— Material to process —
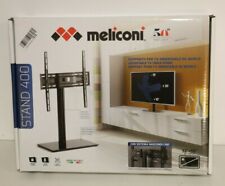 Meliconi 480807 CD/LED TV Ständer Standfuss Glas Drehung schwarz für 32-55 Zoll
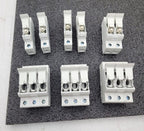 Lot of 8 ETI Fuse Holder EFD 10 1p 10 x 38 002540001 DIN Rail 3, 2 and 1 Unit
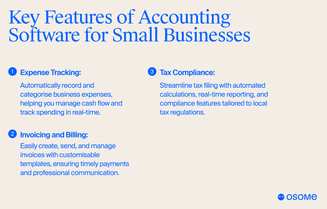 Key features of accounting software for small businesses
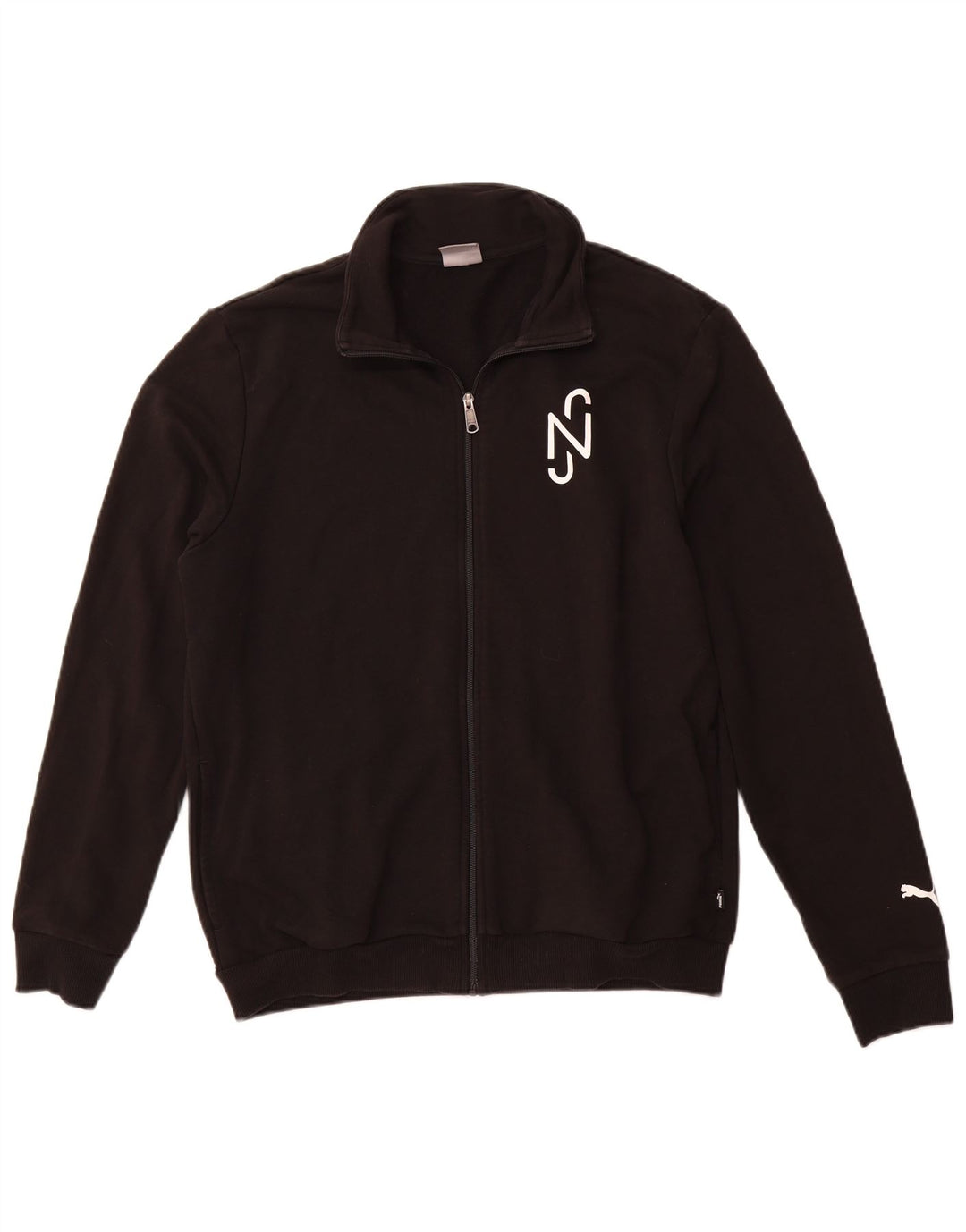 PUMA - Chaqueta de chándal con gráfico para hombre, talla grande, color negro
==
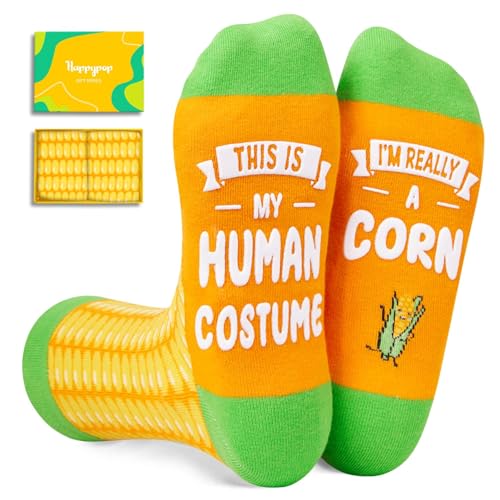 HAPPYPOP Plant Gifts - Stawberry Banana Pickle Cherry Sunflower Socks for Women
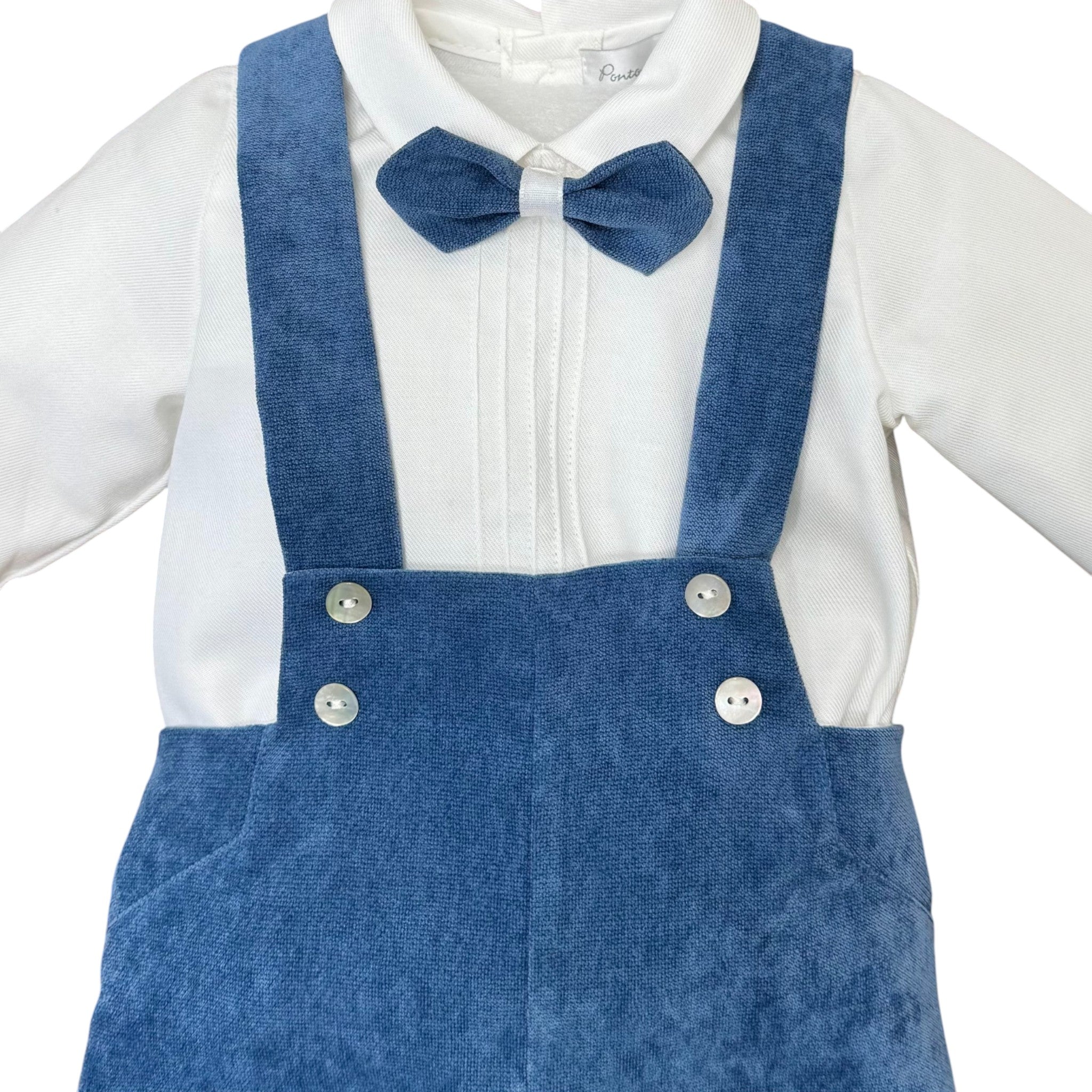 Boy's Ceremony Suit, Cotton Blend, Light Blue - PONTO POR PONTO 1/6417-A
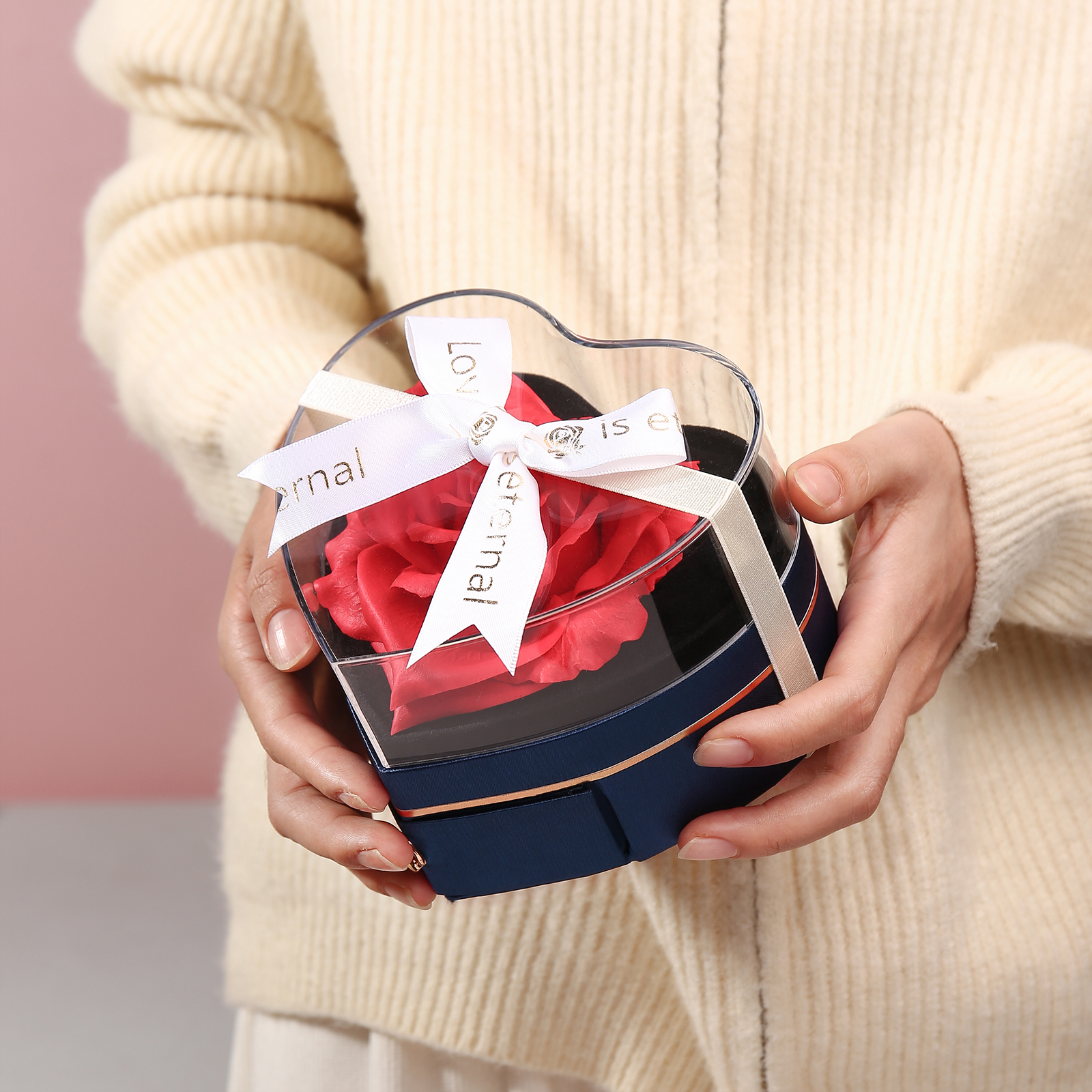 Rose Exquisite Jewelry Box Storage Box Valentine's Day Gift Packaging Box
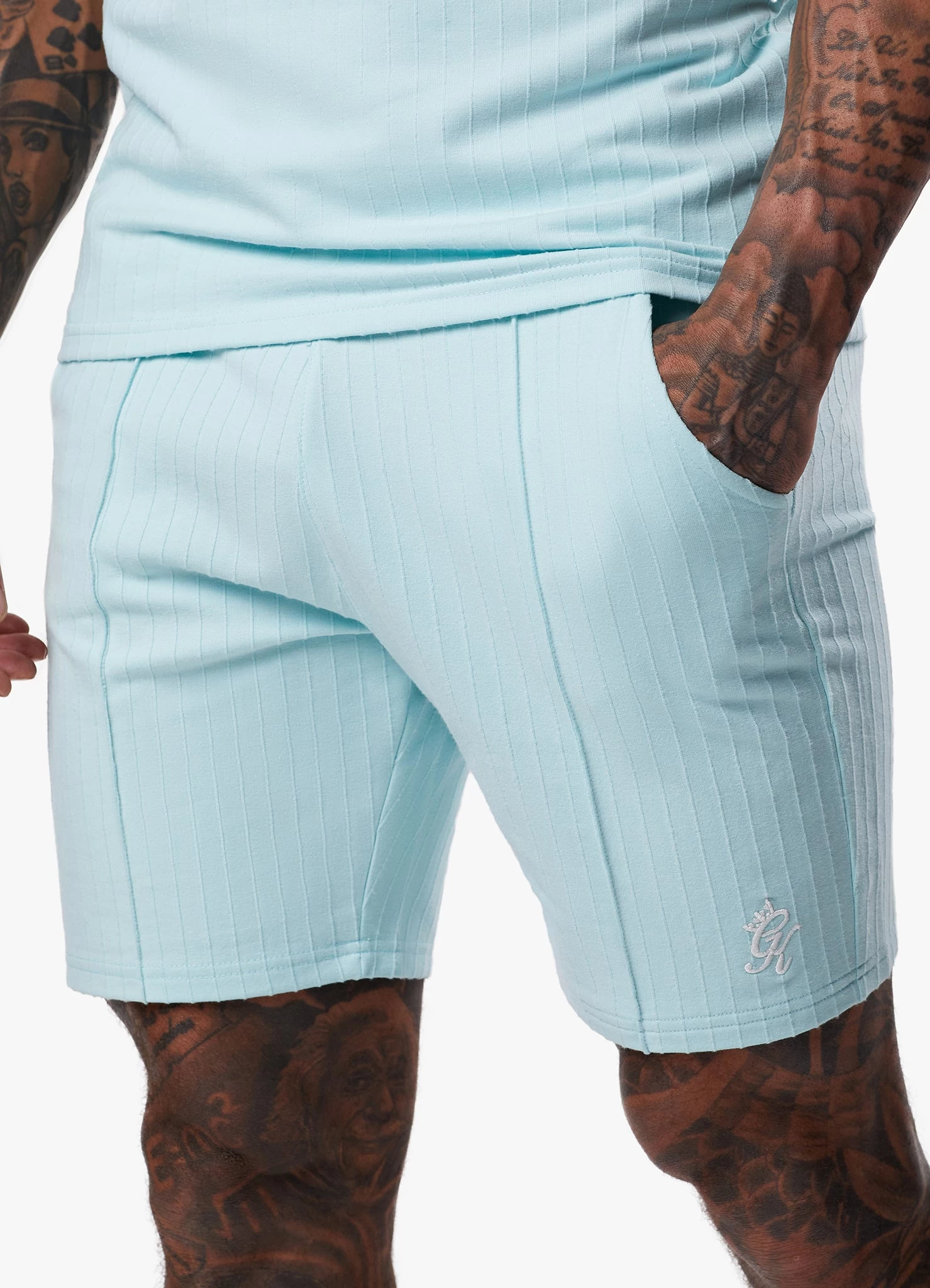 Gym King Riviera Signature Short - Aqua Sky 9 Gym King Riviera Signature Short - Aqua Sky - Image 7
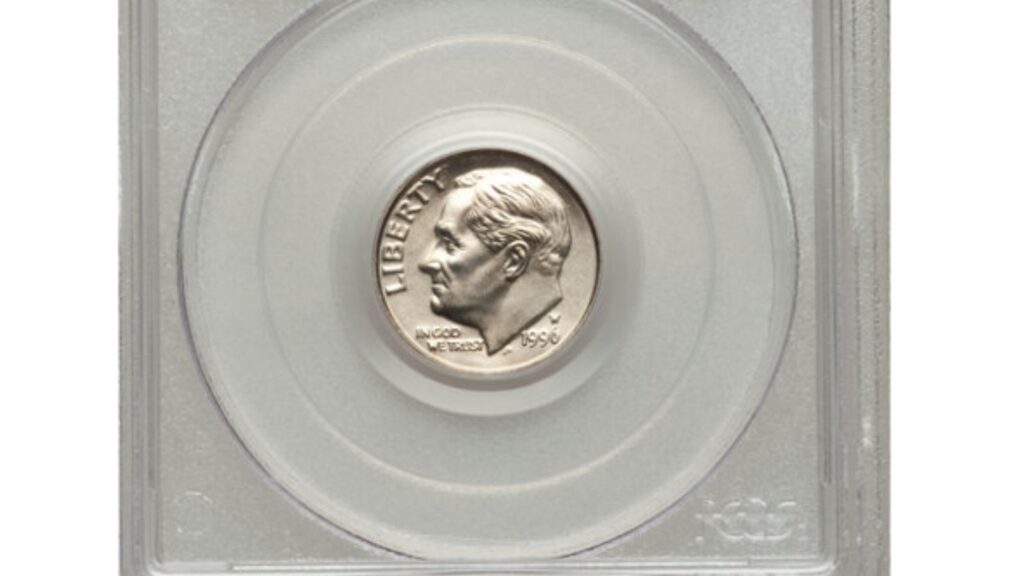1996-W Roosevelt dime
---
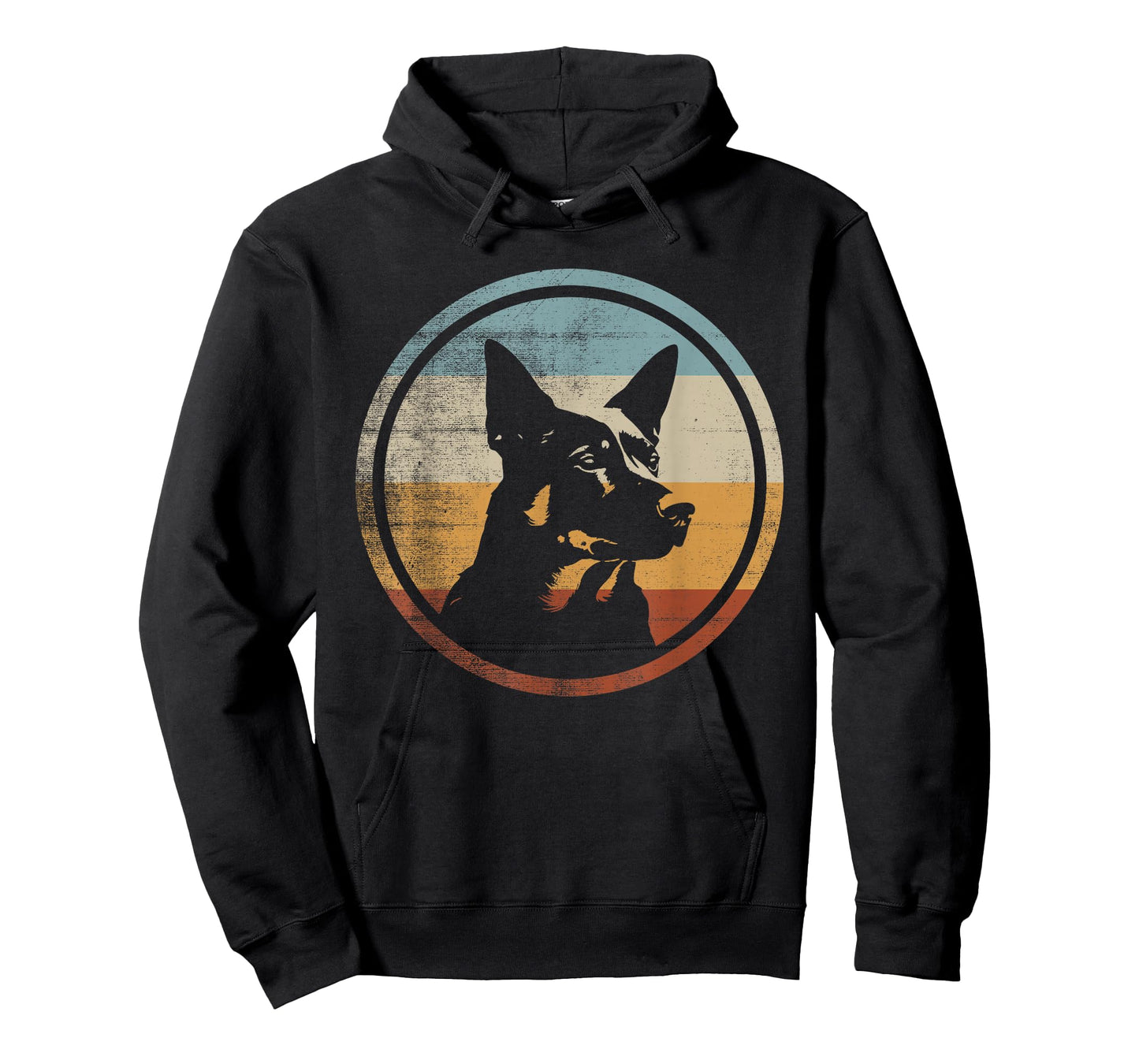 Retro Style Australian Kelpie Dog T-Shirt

— What to work on —
From the line with "HAPPYPOP Plant Gifts" up to and including the line with "1996-W Roosevelt dime" above, retype every line exactly and nothing more; leave out the pictures.

— Written response —
 HAPPYPOP Plant Gifts - Stawberry Banana Pickle Cherry Sunflower Socks for Women
 Boy's Ceremony Suit, Cotton Blend, Light Blue - PONTO POR PONTO 1/6417-A
 Rose Exquisite Jewelry Box Storage Box Valentine's Day Gift Packaging Box
 Gym King Riviera Signature Short - Aqua Sky 9 Gym King Riviera Signature Short - Aqua Sky - Image 7
1996-W Roosevelt dime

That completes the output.